I have a homework that says the following:
If $N_\delta(p)$ is a neighborhood of $p$ that does not intersect $p,$ show that it cannot intersect $E'$.
where E is a subset of R and where the set made by all the accumulation points of E is called the derivative set and it is indicated with E′
Any help in this proof would be appreciated.Thank you this is my attempt
I think there is a typo in your problem set. I believe this supposed to read "Let $N_\delta(p)$ be a neighborhood of $p$ that doesn't intersect $E$. Show that it cannot intersect $E'$."
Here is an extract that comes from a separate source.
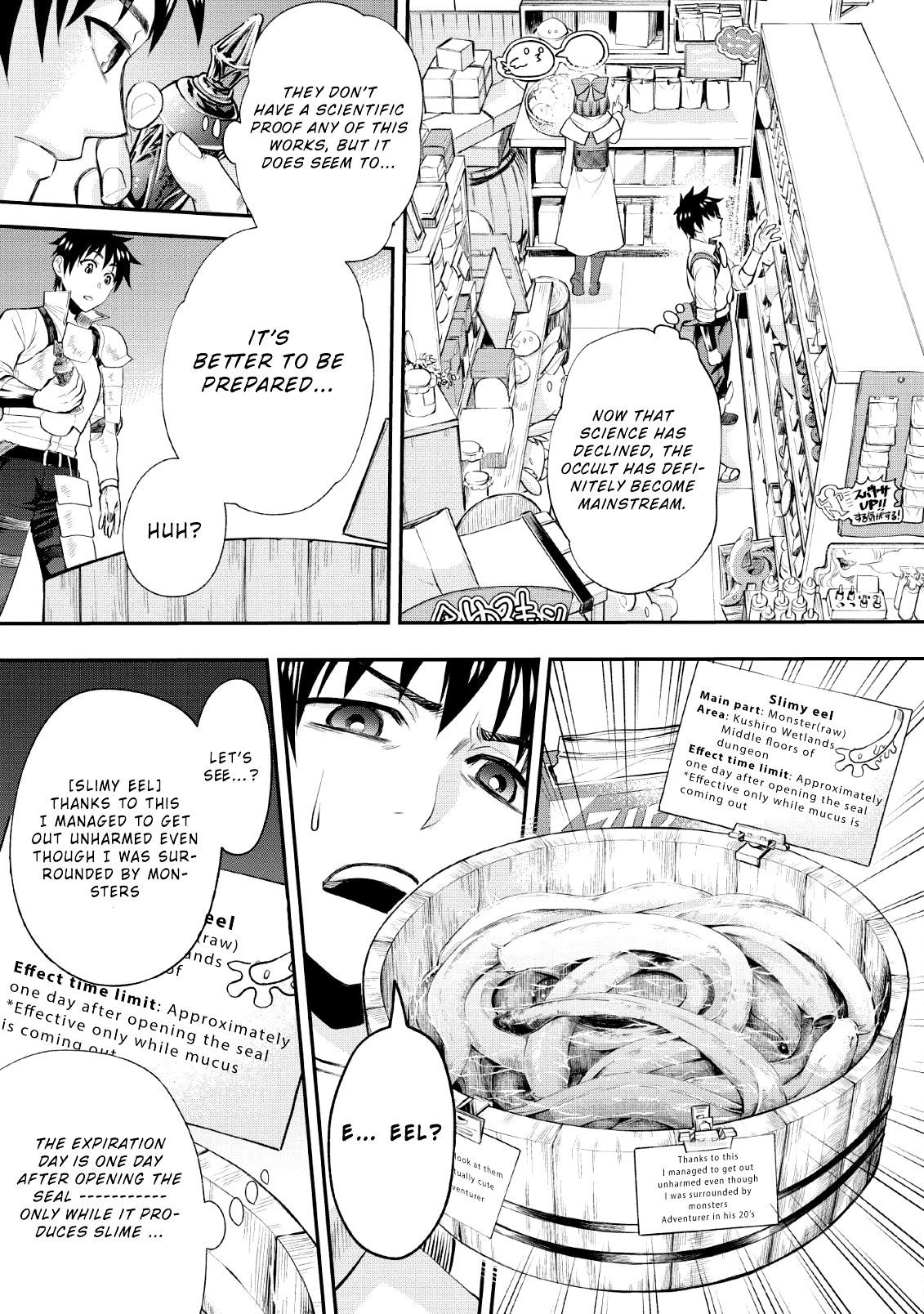 Page 7 of Chapter 14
We'll prove the contrapositive: Suppose $N_\delta(p) \cap E' \neq \emptyset$. So there is some $x \in N_\delta(p)$, such that $x$ is a limit point of $E$. Let $\epsilon < \delta - d(x,p)$. Since $x$ is a limit point of $E$, there is some $e \in E$ such that $e \in N_\epsilon(x)$. Can you take it from here?
WHY I THINK THIS IS THE CORRECT INTERPRETATION:
OP looks to be taking a first course in real analysis, which grounds the level of problem difficulty to be expected. Any neighborhood of $p$ must intersect $p$ (as I interpret this), so the problem must lie there. Note that this must mean $p \not \in E$, which would explain why the problem doesn't state $p \in E$.